Of the entries below, return exactly those lines that fall between the one containing "FOTO Situație revoltătoare" and the one containing "回应:正在调查处理中(组图) - 1", the two end lines included.

(Task input Opens)

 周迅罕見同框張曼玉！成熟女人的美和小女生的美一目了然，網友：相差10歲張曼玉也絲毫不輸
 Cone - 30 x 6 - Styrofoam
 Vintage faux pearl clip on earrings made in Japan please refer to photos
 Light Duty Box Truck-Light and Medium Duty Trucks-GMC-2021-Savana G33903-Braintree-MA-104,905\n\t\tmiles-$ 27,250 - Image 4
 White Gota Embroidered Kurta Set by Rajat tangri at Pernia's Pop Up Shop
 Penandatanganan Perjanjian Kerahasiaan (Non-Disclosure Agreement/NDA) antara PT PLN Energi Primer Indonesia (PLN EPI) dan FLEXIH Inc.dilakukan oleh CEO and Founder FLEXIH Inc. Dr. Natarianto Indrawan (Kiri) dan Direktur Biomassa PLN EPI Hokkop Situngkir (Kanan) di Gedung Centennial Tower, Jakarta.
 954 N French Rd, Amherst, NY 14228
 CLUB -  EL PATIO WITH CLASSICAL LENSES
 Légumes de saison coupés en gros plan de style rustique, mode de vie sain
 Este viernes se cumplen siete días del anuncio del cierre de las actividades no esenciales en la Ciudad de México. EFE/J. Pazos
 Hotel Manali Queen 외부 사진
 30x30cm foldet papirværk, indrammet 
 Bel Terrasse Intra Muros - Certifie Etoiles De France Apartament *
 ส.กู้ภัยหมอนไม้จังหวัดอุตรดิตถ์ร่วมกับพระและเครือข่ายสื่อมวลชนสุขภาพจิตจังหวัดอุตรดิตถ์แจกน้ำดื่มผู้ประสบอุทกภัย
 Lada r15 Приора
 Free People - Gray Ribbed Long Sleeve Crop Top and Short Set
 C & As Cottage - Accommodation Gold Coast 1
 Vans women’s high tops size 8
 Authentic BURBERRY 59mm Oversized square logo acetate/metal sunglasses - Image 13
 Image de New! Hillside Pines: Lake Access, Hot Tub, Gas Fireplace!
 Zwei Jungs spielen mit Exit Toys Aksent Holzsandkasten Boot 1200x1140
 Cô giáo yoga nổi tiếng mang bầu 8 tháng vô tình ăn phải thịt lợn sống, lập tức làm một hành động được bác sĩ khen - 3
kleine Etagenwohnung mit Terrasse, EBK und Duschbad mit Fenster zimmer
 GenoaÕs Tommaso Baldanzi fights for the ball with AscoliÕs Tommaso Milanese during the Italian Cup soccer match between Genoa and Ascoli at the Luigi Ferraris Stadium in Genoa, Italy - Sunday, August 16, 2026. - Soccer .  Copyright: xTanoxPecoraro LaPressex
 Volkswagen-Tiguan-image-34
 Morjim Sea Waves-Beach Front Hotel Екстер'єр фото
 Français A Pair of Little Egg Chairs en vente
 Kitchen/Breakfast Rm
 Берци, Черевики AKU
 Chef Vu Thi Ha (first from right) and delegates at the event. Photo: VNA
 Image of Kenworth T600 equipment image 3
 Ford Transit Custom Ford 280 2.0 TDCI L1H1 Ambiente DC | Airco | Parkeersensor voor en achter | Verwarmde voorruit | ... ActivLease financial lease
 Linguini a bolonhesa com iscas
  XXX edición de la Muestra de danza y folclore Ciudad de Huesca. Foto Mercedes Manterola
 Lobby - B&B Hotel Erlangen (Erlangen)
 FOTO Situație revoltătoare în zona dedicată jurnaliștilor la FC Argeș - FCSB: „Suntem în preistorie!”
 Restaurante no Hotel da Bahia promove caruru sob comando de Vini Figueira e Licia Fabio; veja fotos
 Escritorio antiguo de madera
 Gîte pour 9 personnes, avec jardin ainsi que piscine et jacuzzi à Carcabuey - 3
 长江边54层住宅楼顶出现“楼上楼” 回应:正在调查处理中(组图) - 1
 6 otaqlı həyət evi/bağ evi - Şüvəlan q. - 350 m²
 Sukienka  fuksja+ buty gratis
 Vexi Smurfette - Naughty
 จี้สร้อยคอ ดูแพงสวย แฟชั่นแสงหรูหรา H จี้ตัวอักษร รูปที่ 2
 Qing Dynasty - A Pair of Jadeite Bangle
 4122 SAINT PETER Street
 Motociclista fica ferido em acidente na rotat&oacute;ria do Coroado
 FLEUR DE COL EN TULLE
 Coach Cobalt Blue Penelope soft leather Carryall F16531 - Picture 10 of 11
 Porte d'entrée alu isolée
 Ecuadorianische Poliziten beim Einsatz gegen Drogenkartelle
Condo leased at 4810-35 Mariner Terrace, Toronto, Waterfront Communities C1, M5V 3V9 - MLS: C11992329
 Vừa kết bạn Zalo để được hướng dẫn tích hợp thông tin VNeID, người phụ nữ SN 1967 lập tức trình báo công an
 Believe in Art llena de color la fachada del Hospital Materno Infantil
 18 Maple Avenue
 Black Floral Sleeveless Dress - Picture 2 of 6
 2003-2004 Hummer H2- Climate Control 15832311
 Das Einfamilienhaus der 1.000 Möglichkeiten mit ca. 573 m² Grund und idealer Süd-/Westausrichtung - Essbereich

(Task input Closes)

→ Written response:
 FOTO Situație revoltătoare în zona dedicată jurnaliștilor la FC Argeș - FCSB: „Suntem în preistorie!”
 Restaurante no Hotel da Bahia promove caruru sob comando de Vini Figueira e Licia Fabio; veja fotos
 Escritorio antiguo de madera
 Gîte pour 9 personnes, avec jardin ainsi que piscine et jacuzzi à Carcabuey - 3
 长江边54层住宅楼顶出现“楼上楼” 回应:正在调查处理中(组图) - 1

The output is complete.